Authors: Carmen Cox
(CAIRO) -- Egypt is coming closer to seeing a new democratically elected government. After two days of polling, the polling stations are closed and election officials have started to count votes to see who will be the nation's first president elected by its people.
Voter turnout Wednesday appeared lower than in the first post-Mubarak parliamentary poll held late last year. Voting in both urban and rural areas seemed split between five leading contenders, but no reliable pattern pointed to a winner as of early Thursday. Still, based on its own estimates, the Muslim Brotherhood asserted that its own candidate, Mohammed Mursi, was in the lead ahead of 12 others competing for the presidency, BBC News reports.
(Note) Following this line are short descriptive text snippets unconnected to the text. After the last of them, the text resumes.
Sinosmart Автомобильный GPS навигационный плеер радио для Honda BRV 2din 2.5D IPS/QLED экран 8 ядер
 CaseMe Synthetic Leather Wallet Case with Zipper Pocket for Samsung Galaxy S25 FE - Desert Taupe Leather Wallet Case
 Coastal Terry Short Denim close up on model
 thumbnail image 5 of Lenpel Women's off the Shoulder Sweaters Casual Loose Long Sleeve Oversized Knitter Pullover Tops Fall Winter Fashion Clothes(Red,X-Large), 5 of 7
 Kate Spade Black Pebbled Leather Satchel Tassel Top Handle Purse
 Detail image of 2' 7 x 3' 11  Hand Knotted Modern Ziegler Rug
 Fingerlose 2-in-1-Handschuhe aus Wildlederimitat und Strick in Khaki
Generally, election spectators have expressed satisfaction with the voting process. U.S. Secretary of State Hillary Clinton Thursday spoke to the significance of the Egypt's elections, which she said marked "another important milestone in their transition to democracy."
"We look forward to working with Egypt's democratically elected government," Clinton said in a statement Thursday. "We will continue to stand with the Egyptian people as they work to seize the promise of last year's uprising and build a democracy that reflects their values and traditions, respects universal human rights, and meets their aspirations for dignity and a better life."
The election's results are set to be announced Tuesday, but some individual polling stations are expected to announce results by Friday morning.
A run-off vote is scheduled for June 16 and 17 if no candidate manages to get more than 50 percent of the votes.